* PROMPT *
Write down the listing again exactly as it appears below, without its pictures.

EXERCISE DATA Start Marker

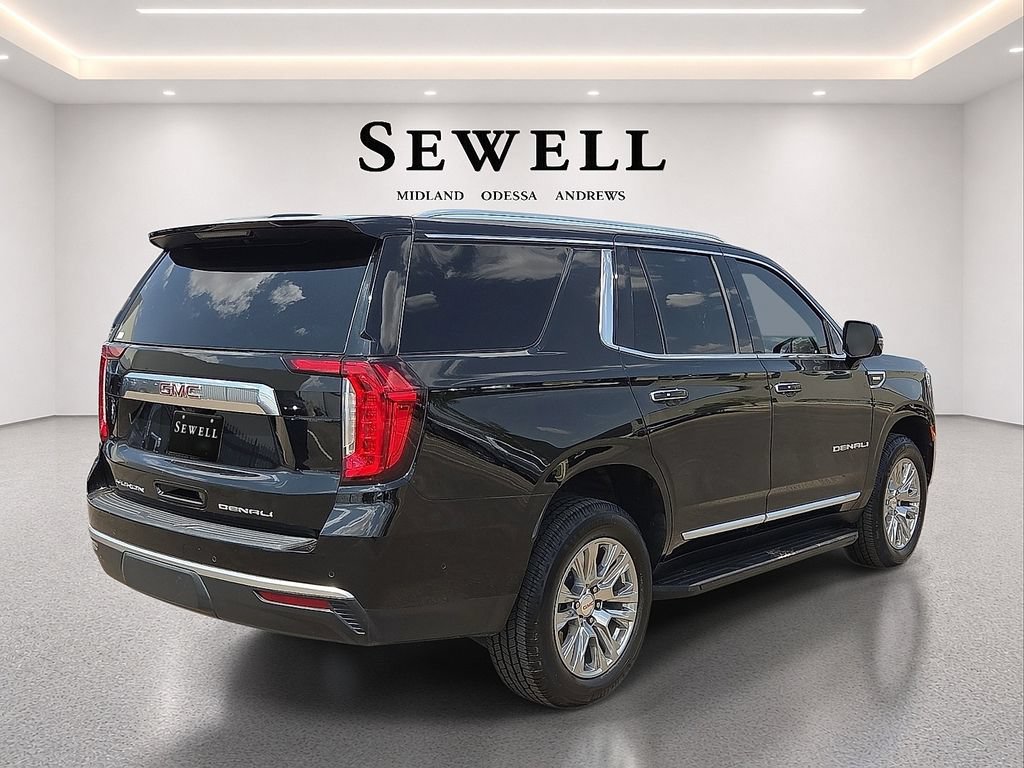 Used 2024 GMC Yukon Denali w/ Advanced Technology Package RWD image 4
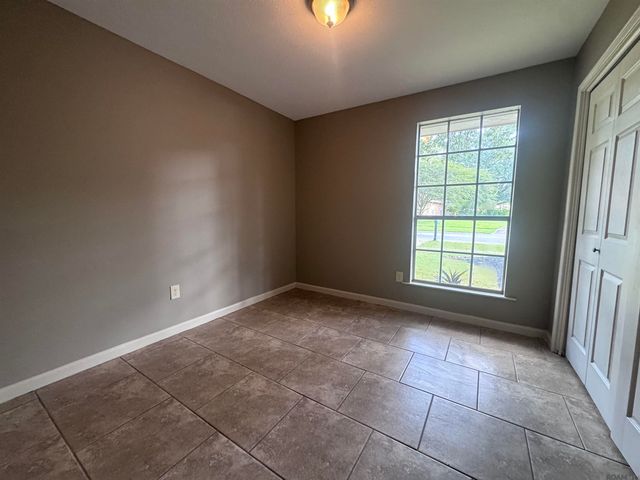 13338 E Shamrock Ave, Baton Rouge, LA 70814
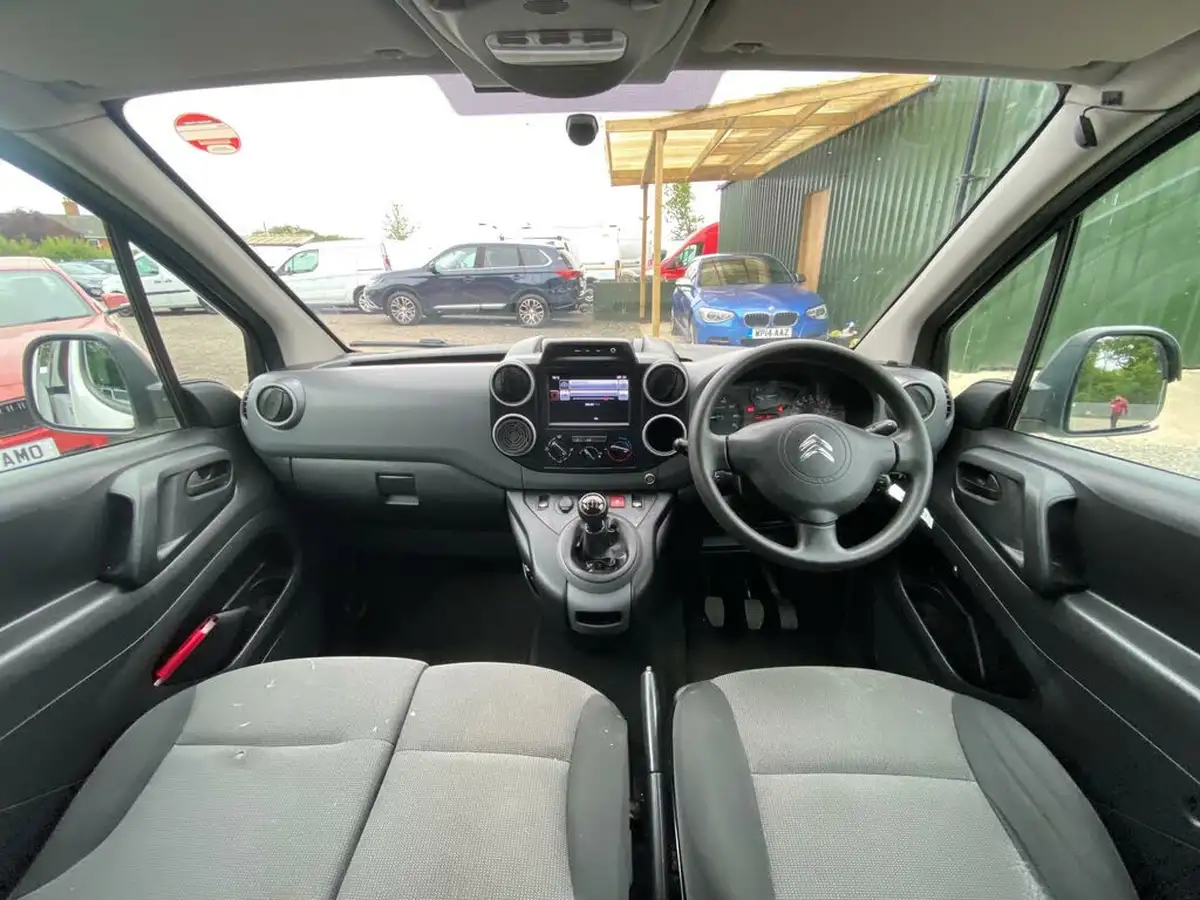 2018-citroen-berlingo-16td-l1625-enterprise-special-edition-panel-big-14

EXERCISE DATA End Marker

* FINAL ANSWER *
 Used 2024 GMC Yukon Denali w/ Advanced Technology Package RWD image 4
 13338 E Shamrock Ave, Baton Rouge, LA 70814
 2018-citroen-berlingo-16td-l1625-enterprise-special-edition-panel-big-14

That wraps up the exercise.